2025年に開催される国際芸術祭「あいち2025」のテーマ・コンセプトが2月1日、愛知芸術文化センター(名古屋市東区東桜1)で発表された。
国際芸術祭「あいち2025」のテーマ「灰と薔薇のあいまに」について語るフール・アル・カシミ芸術監督
同芸術祭は、「あいちトリエンナーレ」として2010(平成22)年に始まり、前回の2022年から名称を変更。6回目となる今回は、名古屋市、瀬戸市を会場に2025年9月13日~11月30日の79日間にわたって開催する。
芸術監督のフール・アル・カシミさんは、芸術祭のテーマが「灰と薔薇(ばら)のあいまに」に決定したと発表。このテーマは、中東シリア出身の詩人アドニスが、1967(昭和42)年の第3次中東戦争の後に、荒廃した土地を見て発表した詩に着想を得たという。
アル・カシミさんは「アドニスは、灰と化した土地に絶望しながらも、バラの花が咲く未来へ向かうことを考えた。今回の芸術祭は、日本の皆さんにも、参加するアーティストそれぞれの国々にも意味のあるものでなければならないと考えている。テーマは人間と地球との関係に重きを置いている。おとぎ話を見ると、人間は自然と共に生き、動物と一緒に暮らし、平和な世界を営んでいた。現在の私たちは、地球と一体化するのではなく、支配し、コントロールし、搾取しようとしている。このままなのか、どこかでバラの咲くような世界に立ち返ることができるのか、考えていきたい」と話す。

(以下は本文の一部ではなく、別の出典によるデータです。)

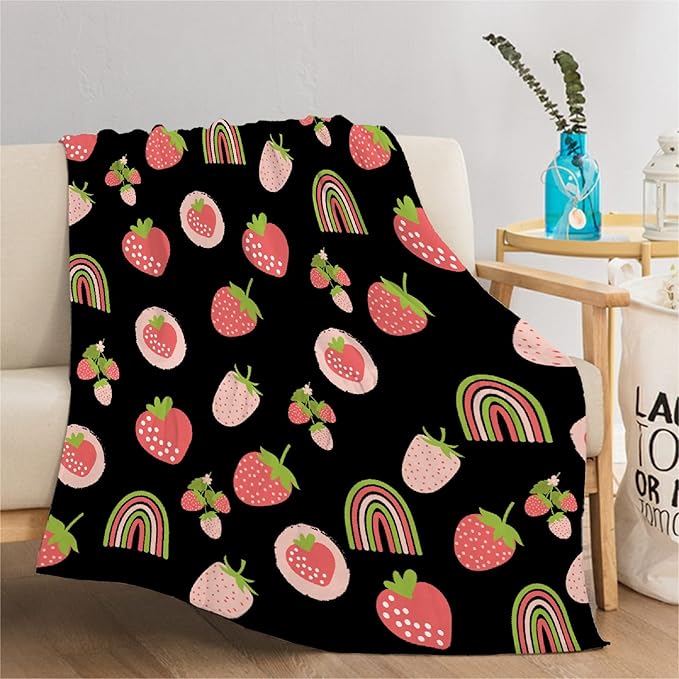 Thuswarm Cute Pink Strawberry Rainbow Flannel Throw Blanket Warm Cozy Soft Funny Print Blankets for Bed Couch Sofa Room Decoration Gifts 120"×90" Extra Large for Family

参加アーティストは50組程度を想定。この日は、小川待子さんら4人を発表した。会見に出席したアルゼンチン出身のアーティスト、アドリアン・ビシャル・ロハスさんは「今回の芸術祭で新作を発表できることをうれしく思っている。私は決まったスタジオを持たず、遊牧民のようにその場所に行って作品を作る。環境に基づいた作品なので、使う素材もその場所にあるものから集め、規模によっては数カ月滞在して臨む。その空間がどのような場所であるかを見て、作品を作っている」と自らの作品制作について語った。
アル・カシミさんは「アーティストやキュレーターと一緒に、素晴らしい、美しい芸術祭にしたい。多くの人たちに、名古屋、瀬戸に足を運んでいただき、芸術祭と一体になってほしい。いろいろな人たちが相互に交流する場を目指したい」と意気込みを語った。
今後はテーマ・コンセプトに基づき、国内外のアーティストの選定を行っていく。